(Work to be completed):
Give back the exact lines of the material below from the one containing "A Synopsis of" through the one containing "Cover for W", and no pictures.

(Data to examine):
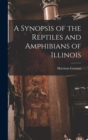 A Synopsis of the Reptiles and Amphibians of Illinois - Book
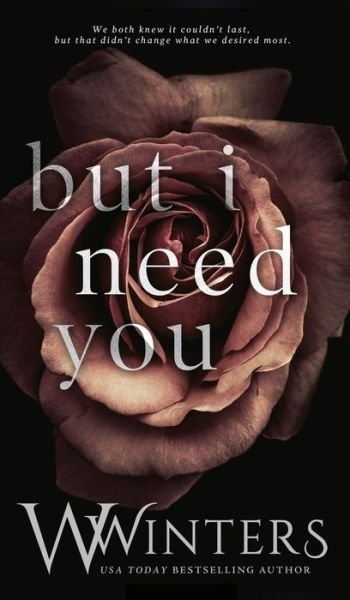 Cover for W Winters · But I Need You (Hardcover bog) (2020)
* * *
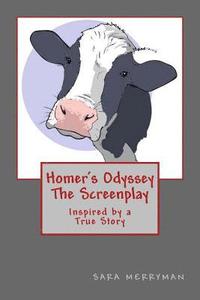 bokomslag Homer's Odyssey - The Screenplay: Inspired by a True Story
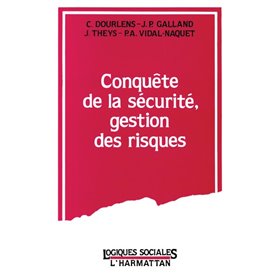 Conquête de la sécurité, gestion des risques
---
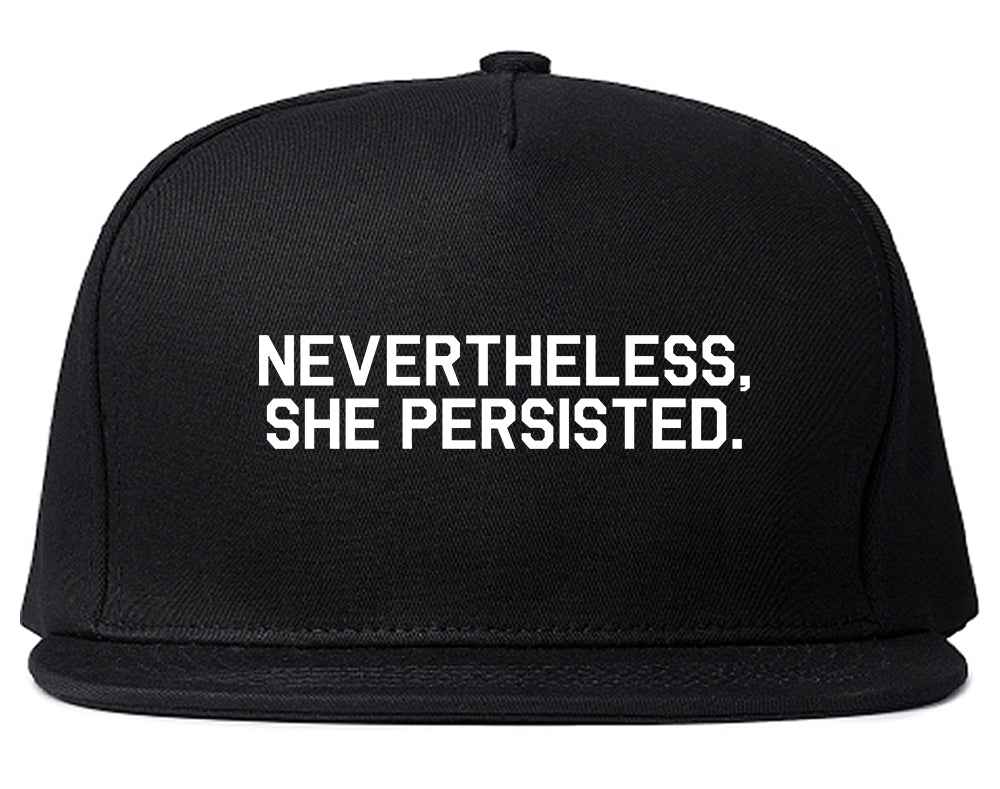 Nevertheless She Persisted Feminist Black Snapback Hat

(Finished exercise):
 A Synopsis of the Reptiles and Amphibians of Illinois - Book
 Cover for W Winters · But I Need You (Hardcover bog) (2020)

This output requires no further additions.